24 noviembre

San Juan de la Cruz, Religioso, Presbítero, Confesor de la Fe y Doctor de la Iglesia

«La caridad no tiene envidia, no obra precipitada» (1 Corintios 13, 4).

San Juan de la Cruz, Presbítero, Confesor y Doctor de la Iglesia. compañero de santa Teresa en la reforma de los Carmelitas; de cuya muerte se hace mención el 14 de Diciembre. n. 24 de junio de 1542 en Fontiveros (Ávila), España;
† 14 de diciembre de 1591 en Úbeda, España.

Patrono de místicos; teología mística; vida contemplativa; poetas españoles.

San Juan de la Cruz, de la Orden Carmelitana y émulo de Santa Teresa, tenía tal amor por Dios, que bastaba la vista de un crucifijo para fundirlo en lágrimas y hacerlo caer en éxtasis. Tres cosas pedía frecuentemente al Señor: la primera, no pasar día sin sufrir; la segunda, no morir siendo superior, y la tercera, acabar su vida en la humillación, el desprecio y la soledad. Fue escuchado. Las odiosas persecuciones de que fue objeto durante mucho tiempo, hasta la misma prisión, no hicieron sino aumentar su dicha. A punto de morir exclamó ¡Gloria a Dios! y, después, apretando el crucifijo sobre su corazón, extinguiose dulcemente el 14 de diciembre de 1591, a la edad de 49 años.

Oración: Oh Dios, que habéis hecho de San Juan de la Cruz, vuestro confesor y Doctor, un amante apasionado de la Cruz y de la perfecta abnegación de sí mismo, concedednos la gracia de llegar, caminando por sus huellas, a la gloria eterna.
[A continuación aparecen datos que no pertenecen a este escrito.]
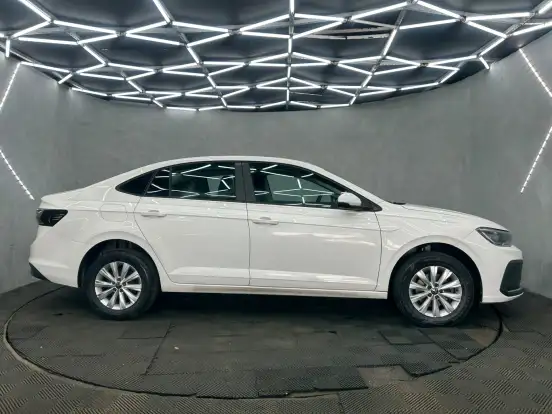VOLKSWAGEN-VIRTUS-1.0 170 TSI AUTOMÁTICO VOLKSWAGEN-VIRTUS-2024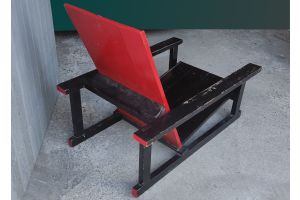 Outstanding Avant garde wood armchair - De Stijl 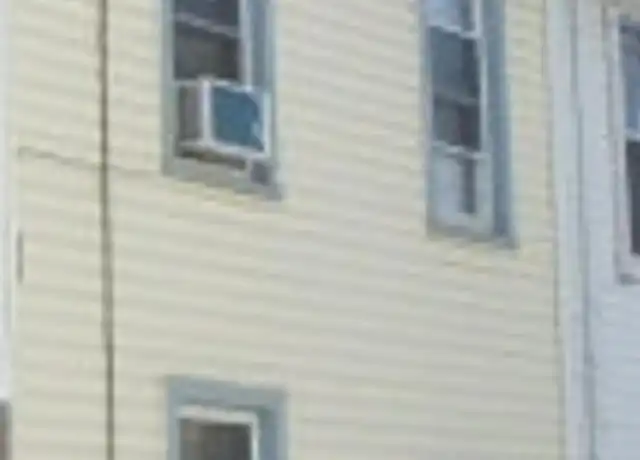 Property at 1020 Orchard Ave, Lebanon, PA, 17046, 2 beds, 1 bath, [object Object]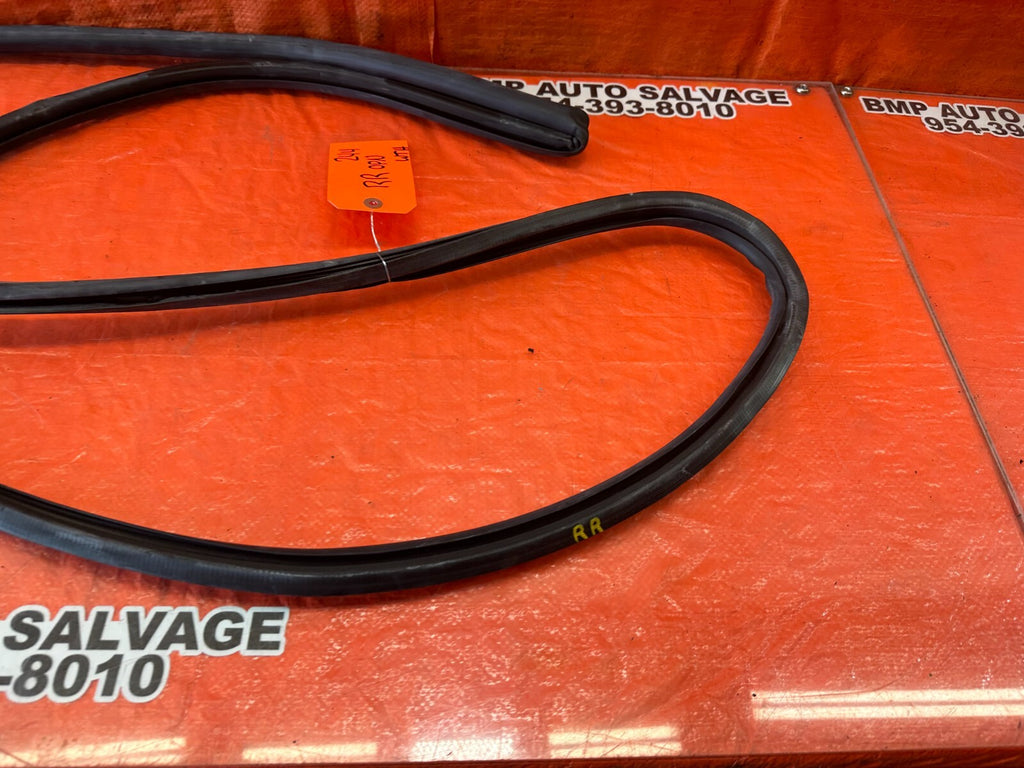 07 09 LEXUS ES350   CHASSIS TO DOOR OPEN TRIM GASKET RIGHT  REAR   OEM #2444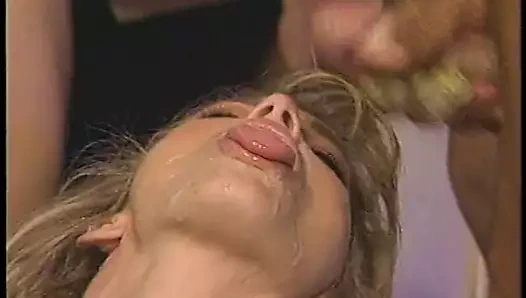 Seksi iç çamaşırlı sarışın iki adamla sert üçlü seks yapıyor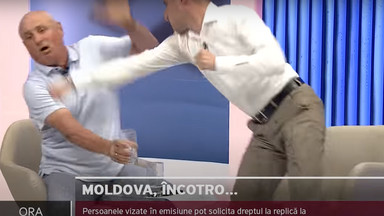 Bójka w studiu mołdawskiej telewizji. Jeden z polityków stracił przytomność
Por J. C. N. S.

El mismo día, el triunfo de san Crisógono, Mártir, el cual, después de prolongadas prisiones y cárceles sufridas por confesar constantísimamente a Cristo, de orden de Diocleciano fue conducido a Aquilea, y finalmente, cortada la cabeza y arrojado al mar, consumó el martirio.

En Roma, san Crescenciano, Mártir, de quien se hace mención en el martirio de san Marcelo Papa.

En Corinto, san Alejandro, Mártir, que en tiempo de Juliano Apóstata y del Presidente Salustio, combatió por la fe de Cristo hasta la muerte.

En Perusa, san Felicísimo, Mártir.

En Ameria de Umbría, santa Fermina, Virgen y Mártir, la cual, en la persecución del Emperador Diocleciano, después de varios tormentos, suspendida y quemada con hachas encendidas, entregó su inmaculado espíritu a Dios.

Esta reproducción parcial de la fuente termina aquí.